Rissie has been hankering for a bag ever since we got to Italy. She had in mind a little red number with embellishments that could go with the red tutu and ballet slippers that she wears in her head. (I have no idea where she gets it from). Her second knapsack of the trip had decided to fall to pieces on our way to Italy so I knew I needed to get her a new knapsack. On my morning walk yesterday, I had seen the most amazing river side markets being set up, so after school the kids and I wandered the markets looking for a bargain. Rissie spotted the first bag we came across and she was eager to have it. I now wonder if her eagerness came from the fact that she should strike while the iron was hot as it is not often I buy them things as we don’t generally have the budget for little luxuries. I save my money for food. Glorious food.
So we haggled with the vendor, got a good price and waltzed off with our little bargain. I was trying to ignore the huge number of knapsacks we were now seeing on stalls. Rissie had gone very quiet and I asked her what was wrong. She whispered to me, “I don’t look ‘fancy’ do I mummy?” God forbid. Not fucking fancy. For some reason the word fancy puts the fear of god into Rissie. It is like being ‘awkward’. You just don’t want to go there. If Archie wants to annoy Rissie he says that she is looking a bit ‘fancy’ and she will quite literally explode. To be honest I wouldn’t mind being called fancy but I didn’t let her know that. I looked at her resolute face marching along with her new knapsack that matched her boots. She had on her little jacket and everything was thrown on her tiny little frame with the style that only Rissie has. She looked like the fanciest thing I had seen. So I shook my head and said to her, “Not fancy. Not remotely fancy. Absolutely nothing fancy about you. That would be awkward. You look cool. Like a cool kid. But not a fancy one. I can not even believe you would think that.”

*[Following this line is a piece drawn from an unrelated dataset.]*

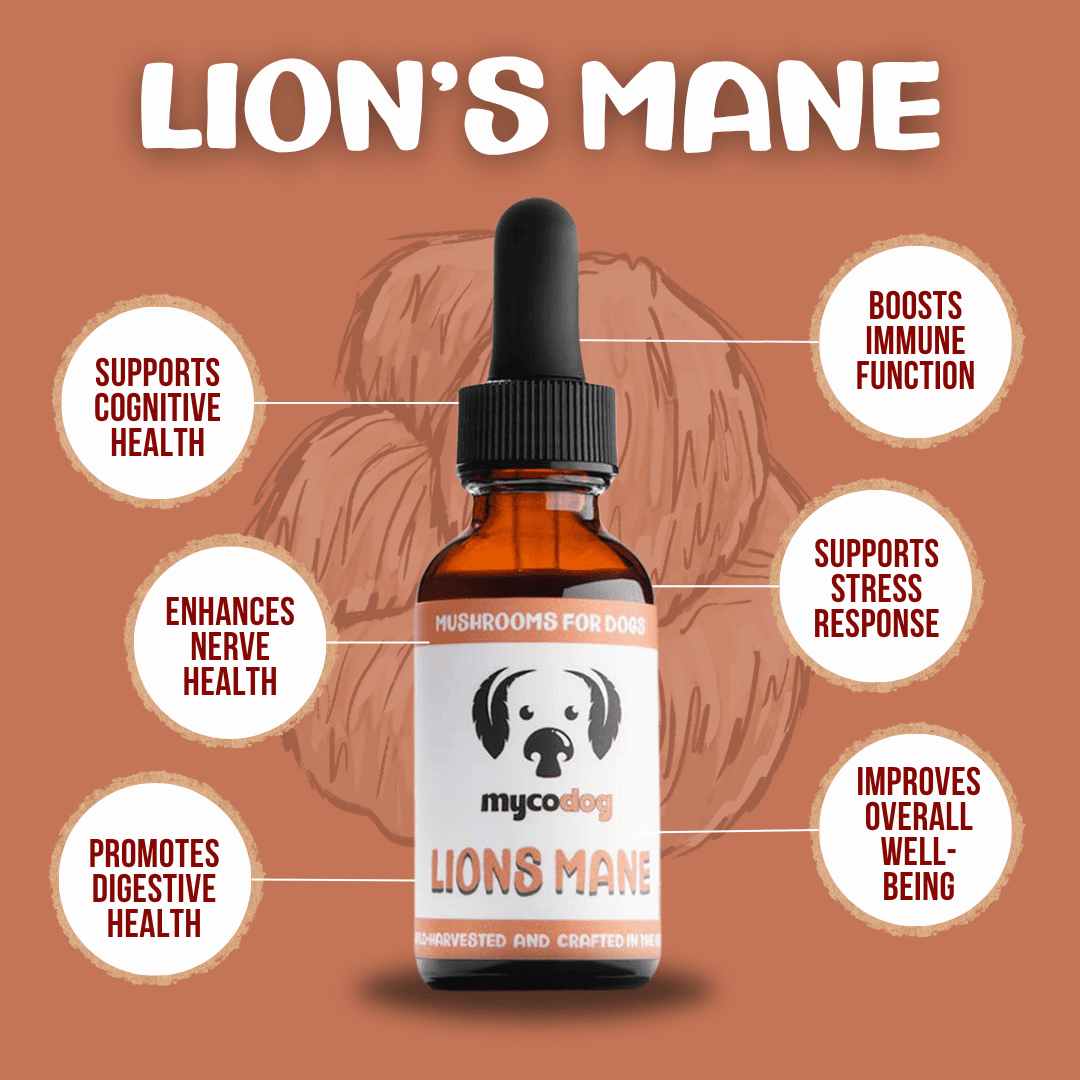 Benefits of Lion's Mane Lion's mane for dogs lion's mane for pets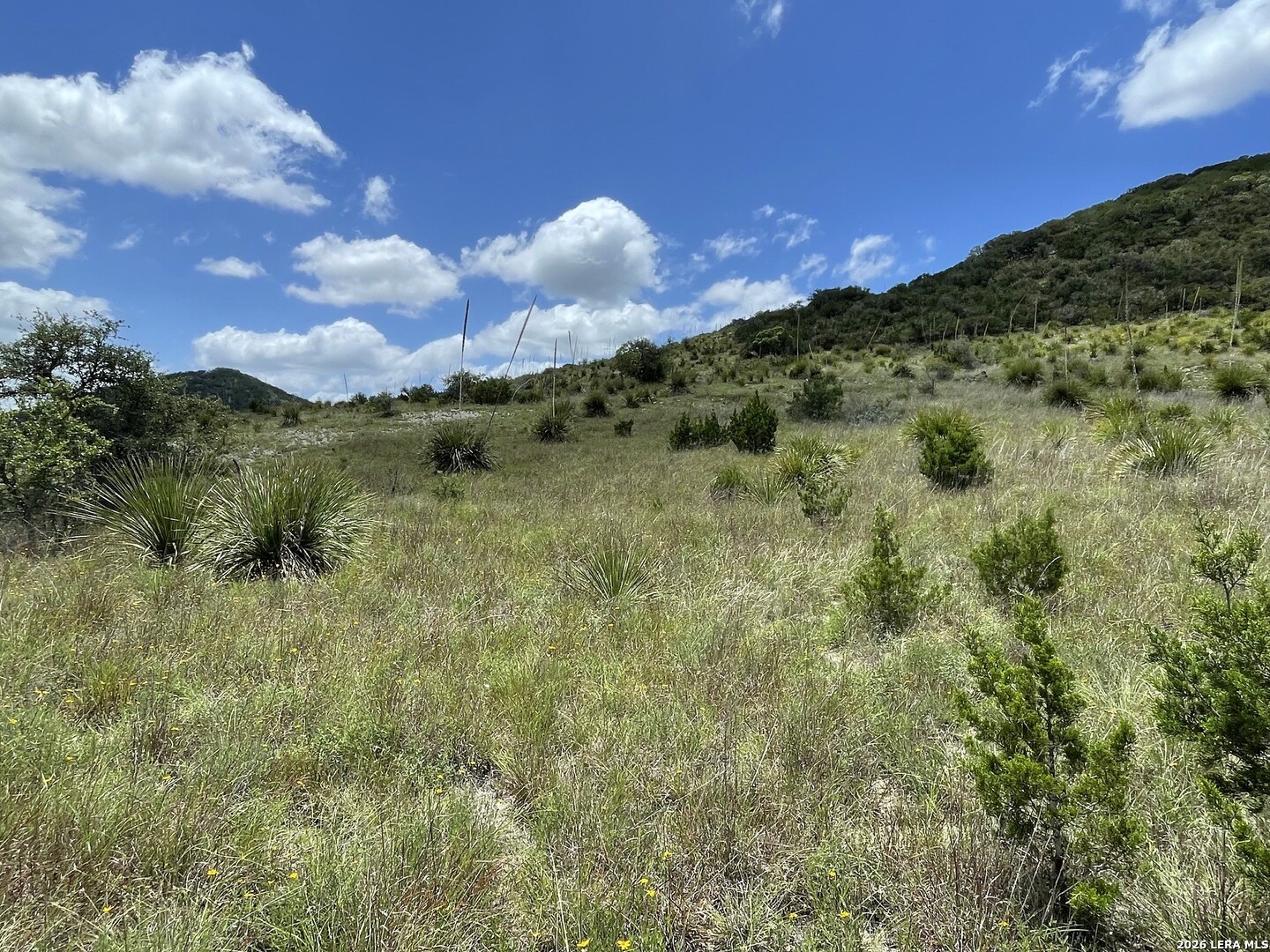 Lot 12 Walden Ridge Bandera TX 78003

I thought I had her convinced until bedtime. She was using her quavering voice, the one that I know, because it is the one that I use when I am about to fall to pieces. She told me that she loved her bag but when she thought of it she wanted to cry. (Christ almighty). Maybe it was too small to fit all her treasured belongings. Possibly it was fancy. Small and fancy. The kiss of death. So we put all her treasured belongings in it. They fit. We checked out the zip compartments and oohed over every one of them. I exclaimed at how ordinary the bag was and said often how nothing about it was fancy. Then she decided it was ok to go to sleep. I then went and slowly hit my head against the nearest concrete wall.
I was weary from our 5 hour walk the day before and dealing with the issues of a son who left me weird little notes and a daughter with a terror or being fancy. When I went to bed that night I contemplated locking my door, in case Archie paid me another evening visit, but decided that would have been just plain fancy.
I fell asleep that night, trying to work out again I had gotten lost the day before. I still don’t know how we could have gotten lost in the countryside, in the middle of the city, but there you have it. Part of the magic of Florence.